ROCCAMONTEPIANO. TerrAccogliente è il nome del progetto che vuole promuovere modelli produttivi ed economici virtuosi ed ecosostenibili. Associazioni, commercianti, operatori turistici, agronomi, imprenditori agricoli e artigiani che operano sui comuni di Bucchianico, Casalincontrada, Fara Filiorum Petri, Roccamontepiano, San Martino sulla Marrucina e Pretoro possono iscriversi sul sito terraaccogliente.maiellaverde.it per poter entrare a far parte dell’iniziativa promossa dal gruppo di azione locale (Gal) Majella Verde che gestisce fondi comunitari per le aree rurali.

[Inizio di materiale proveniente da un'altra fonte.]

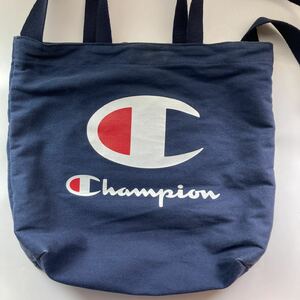 トートバッグ ショルダーバッグ　2way 肩掛け　斜め掛け　Champion チャンピオン　ネイビー　カラビナ付き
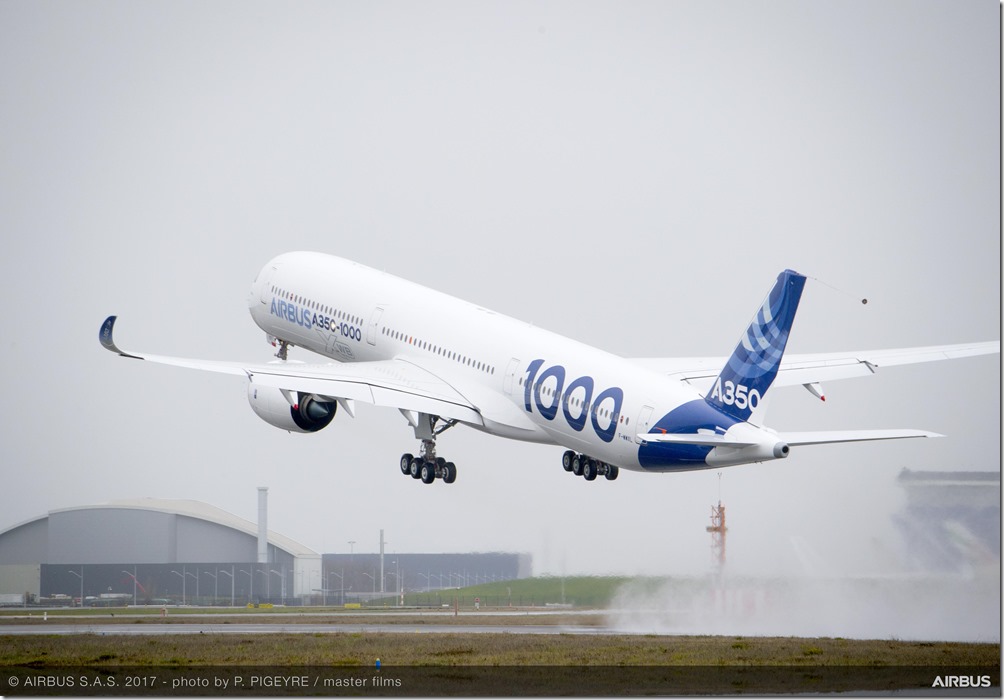 Second_A350-1000_flight_test_aircraft_2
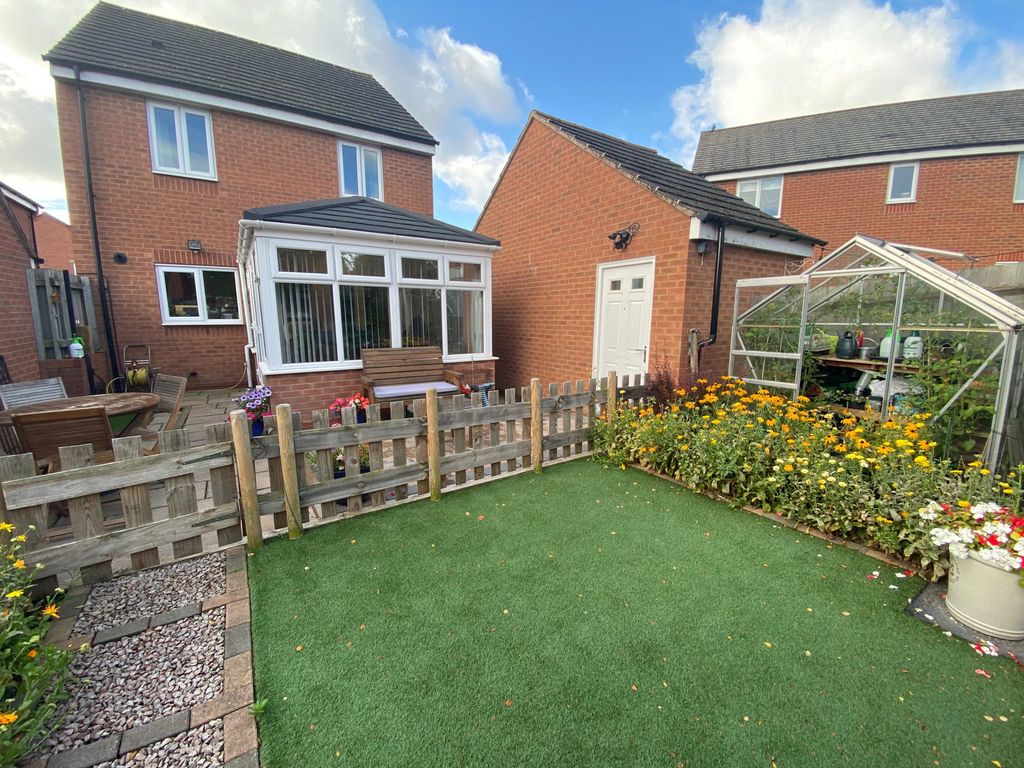 Property photo 2 of 24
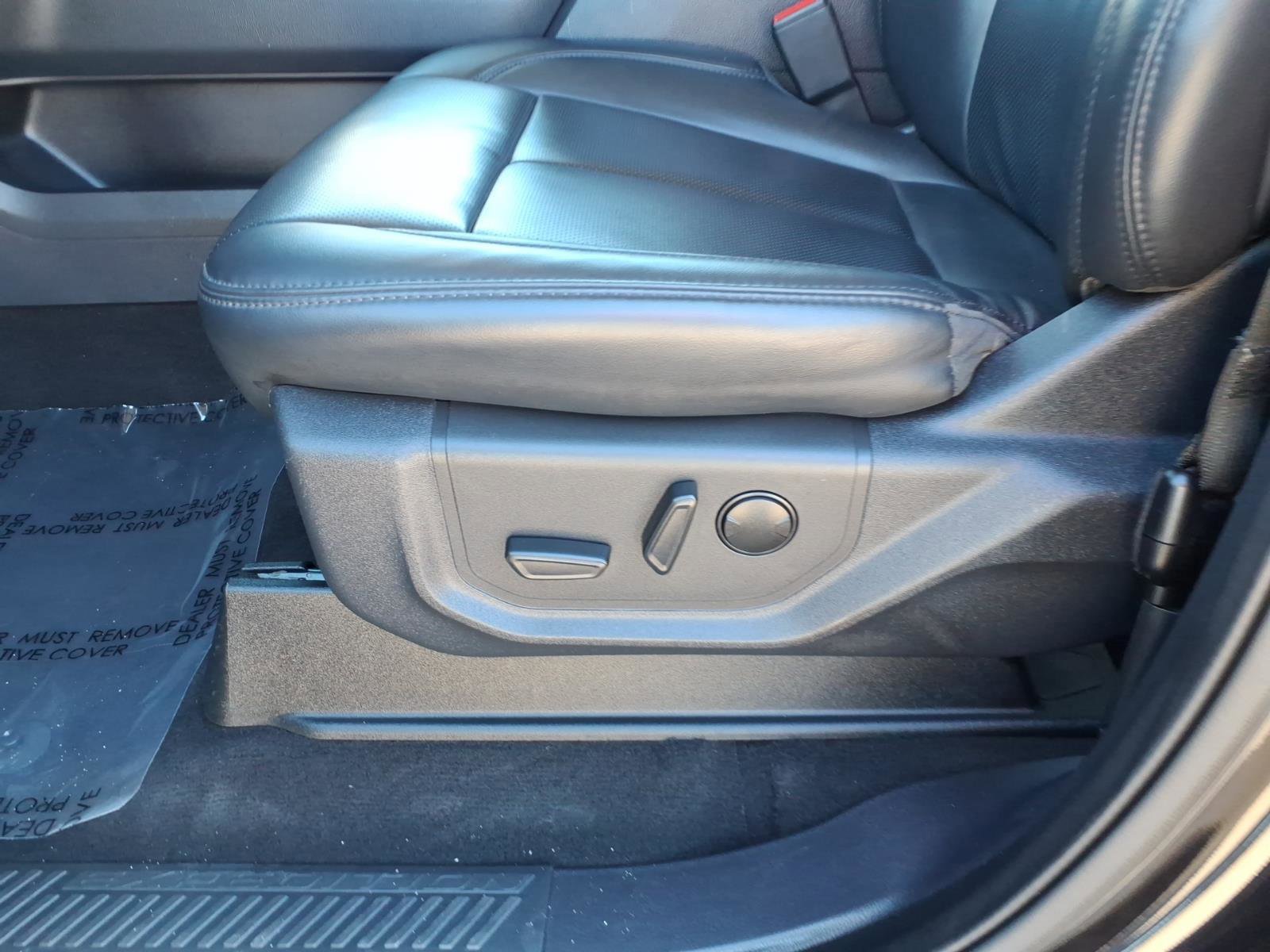 Certified 2024 Ford Expedition Max XLT image 12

Al primo incontro hanno partecipato Antonio Pelaccia, vice sindaco di Vacri, Adamo Carulli, sindaco di Roccamontepiano, Diego Giangiulli, sindaco di Pretoro, Francesco De Ritis, vice sindaco di Fara Filiorum Petri, Luciano Giammarino, sindaco di San Martino sulla Marrucina, Vincenzo Mammarella, sindaco di Casalincontrada, e Carlo Tracanna, sindaco di Bucchianico. Durante l’incontro che si è tenuto nei giorni scorsi a Roccamontepiano è stata costituita la comunità di progetto che, entro il 31 marzo, dovrà presentare il progetto che delineerà gli interventi da effettuare nell’area comunitaria.
L’iniziativa TerrAccogliente è stata presentata da Gianfranco Conti, Giuliano Di Menna, Camillo Conti, Antonio Corrado e Stefania Giardinelli, esponenti delle associazioni del Vino Cotto, Abruzzo Avventure, Terrae onlus e Le Ginestre, che hanno già aderito al progetto, come gruppi promotori, insieme ai 7 Comuni.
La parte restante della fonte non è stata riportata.